Türkiye’nin 2002’den günümüze yakaladığı; küresel konjonktür, siyasal istikrar, AB reformları, doğrudan yabancı sermaye yatırımları ve kanımca çok belirleyici olmak üzere bütçe/mali disiplinin sağlanmış olması ile de desteklenen çok önemli ve ülkenin makus talihini kırmanın eşiğine gelmiş büyüme süreci tehdit altındadır.
Büyüme oranlarının tekrar senelik yüzde birlere, hatta sıfır ya da negatife dönmesi demek mali disiplinin yine bozulması, henüz çok taze yüksek enflasyon hafıza ve canavarının tekrar dirilmesi demektir.
Ve bunları tekrar toparlamak, küresel konjonktürün çok bersizleştiği, önünü göremediği bir ortamda hiç kolay olmayabilir.
(...)
Ekonomide karşımıza dikilen üç adet, birbirinin türevi, sorunu örnek olarak sunacağım;
1-Büyüme oranı 2008’in ikinci çeyreğinde geçen senenin aynı dönemine göre yüzde 1.9 çıkmıştır; bu oran son senelerin, 26 çeyrektir kesintisiz süren büyümenin durmakta olduğunun güçlü bir işaretidir.
2-İç talepte büyük bir daralma gözlenmektedir, dayanıklı tüketim malları üretim ve satışında senenin ilk yarısında geçen senenin aynı dönemine göre büyük düşüş vardır; üretim geçen senenin aynı dönemine göre yüzde 13, tüketim yüzde 14 gerilemiş bulunmaktadır.
Haziran ayında toplam otomobil üretimi (-%1.6), toplam otomobil satışları (-%4.7), ithal otomobil satışları (-%1.1) ve trafiğe kaydedilen araç sayısında da (-%13.9) gerileme gözlemlenmektedir.
3- 2008’in ilk sekiz ayında (Ocak-Ağustos) geçen senenin aynı dönemine göre yeni kurulan şirket, kooperatif ve gerçek kişi ticari işletmeleri toplamı yüzde iki artarken, kapanan ve tasfiye edilenlerin sayısındaki arıtş yüzde 32.5’e ulaşmıştır. Bu olumsuz tabloyu çok olumsuz dış konjonktür hem bir ölçüde yaratmakta hem de desteklemektedir.
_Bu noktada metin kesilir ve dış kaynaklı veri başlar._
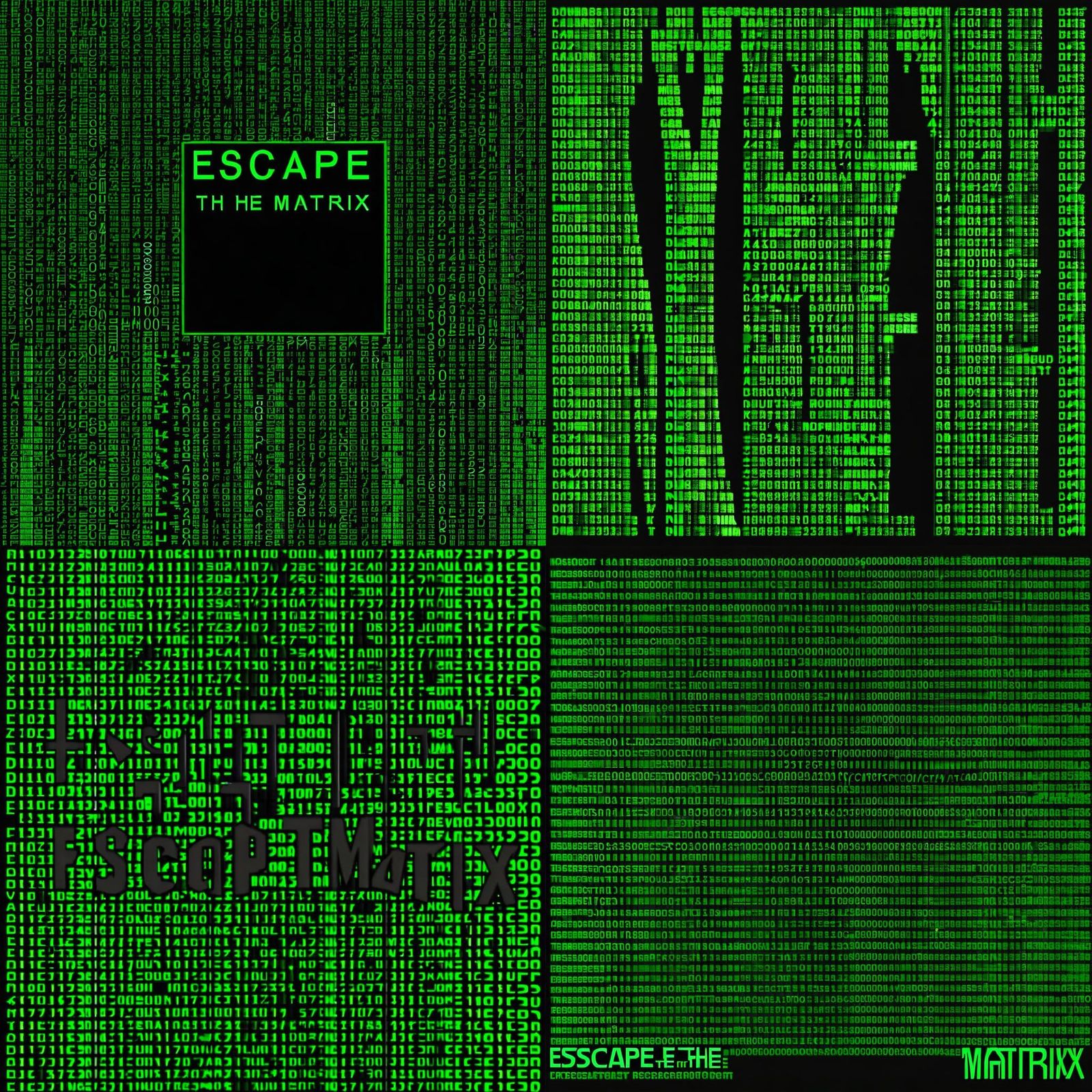 Escape the Matrix: Green Text on Black Background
Çok başarılı 25 çeyreklik bir büyüme sürecinden sonra gelinen bu olumsuz noktayı aşmak olanaksız değildir. Yapılması gereken, içerideki anlamsız, verimsiz, alternatif üretemeyeen muhalefetle saç saça, baş başa kavga etmek yerine demokrasi ve hukuk reformlarına hız vermektir.
Evet, içinde bulunduğumuz olumsuz ama olumsuz olduğu kadar da ilginç uluslararası konjonktürde ekonomik büyümenin tekrar kabul edilebilir, işsizliği yüzde onların çok üzerine çekmeyecek bir büyüme rayına oturtabilmek için yapılması gereken ilk iş hukuk ve demokrasi reformlarına çok başarılı 2003-2004 sürecinden de güçlü olarak, bazı AB başkentlerine kulak tıkayarak, destek vermek, sonuç almaktır. Ekonomik krizi, duran büyüme sorununu Türkiye’nin kendi mevcut iç kaynaklarıyla aşması hayaldir, gerçekçi değildir, iktisat teorisine aykırıdır; bunu söyleyegelen sözde sosyal demokrat, gerçekte içe kapanmacı söylemler büyük bir yalandır, yalan değilse de cehalettir.
Dış kaynak girişini, doğrudan yabancı sermaye yatırımı kaleminde tekrar senede yirmi milyar doların çok üzerine çekebilmek bugün için krizi aşmanın yegane yöntemidir.
Senede on milyar doların altına inme riski taşıyan doğrudan yabancı sermaye yatırımlarını otuz milyar düzeyine çekebilmek ise içeride hukuk devletini AB normlarında konsolide etmekten, demokrasiyi güçlendirmekten geçmektedir.
Bunu yaptığımız zaman küresel kriz ortamında yatırım için istikrarlı liman arayan sermaye miktarı bizi bile şaşırtabilecek düzeydedir. Yapılması gereken içeride parazit yapan seslere aldırmadan Ulusal Programı, Katılım Ortaklığı Belgesinde ne isteniyorsa o düzeyde düzenlemek, yasaları geçirmek ve hemen uygulamaktır.
Yarın bu işler için çok geç olabilir.